## MATERIAL TO PROCESS
________________________
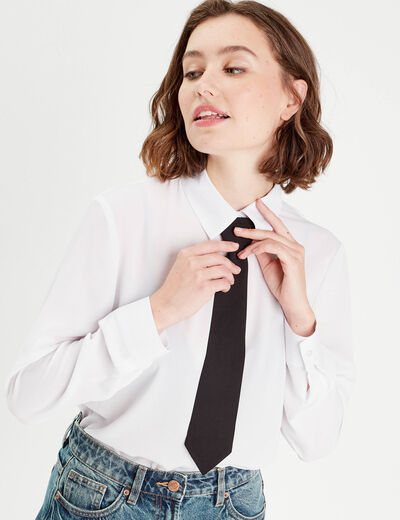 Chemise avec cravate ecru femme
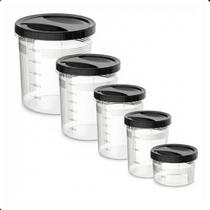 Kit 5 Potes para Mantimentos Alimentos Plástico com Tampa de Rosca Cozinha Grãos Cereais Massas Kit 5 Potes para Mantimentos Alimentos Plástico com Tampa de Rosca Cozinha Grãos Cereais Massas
________________________
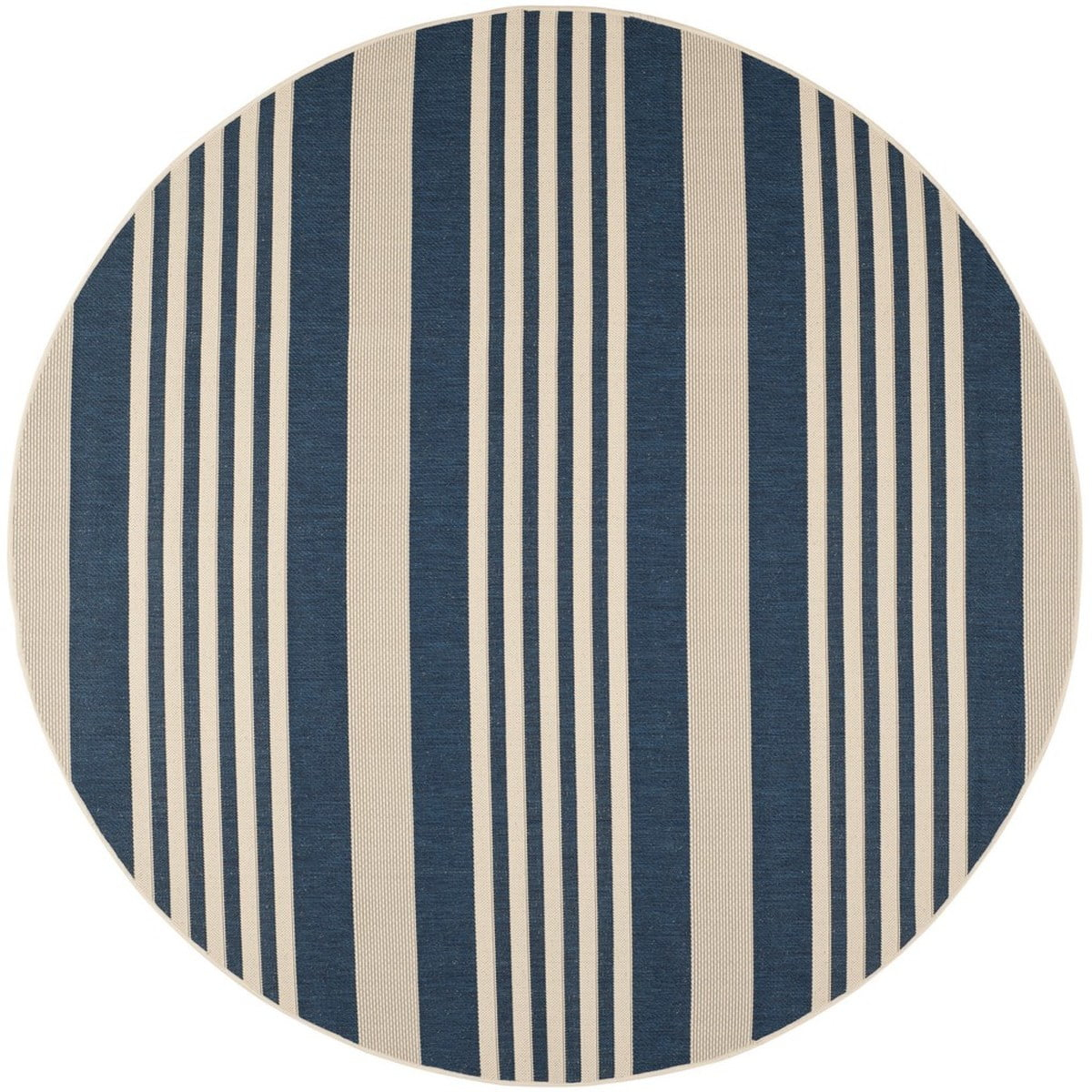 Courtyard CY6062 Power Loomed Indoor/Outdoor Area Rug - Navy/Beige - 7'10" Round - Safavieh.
________________________
## REQUIREMENT
In the listing above, find the line with "Chemise avec cravate ecru femme" and output every line through the one with "Cereais Massas Kit", exactly, without the pictures.

## WRITTEN ANSWER
 Chemise avec cravate ecru femme
 Kit 5 Potes para Mantimentos Alimentos Plástico com Tampa de Rosca Cozinha Grãos Cereais Massas Kit 5 Potes para Mantimentos Alimentos Plástico com Tampa de Rosca Cozinha Grãos Cereais Massas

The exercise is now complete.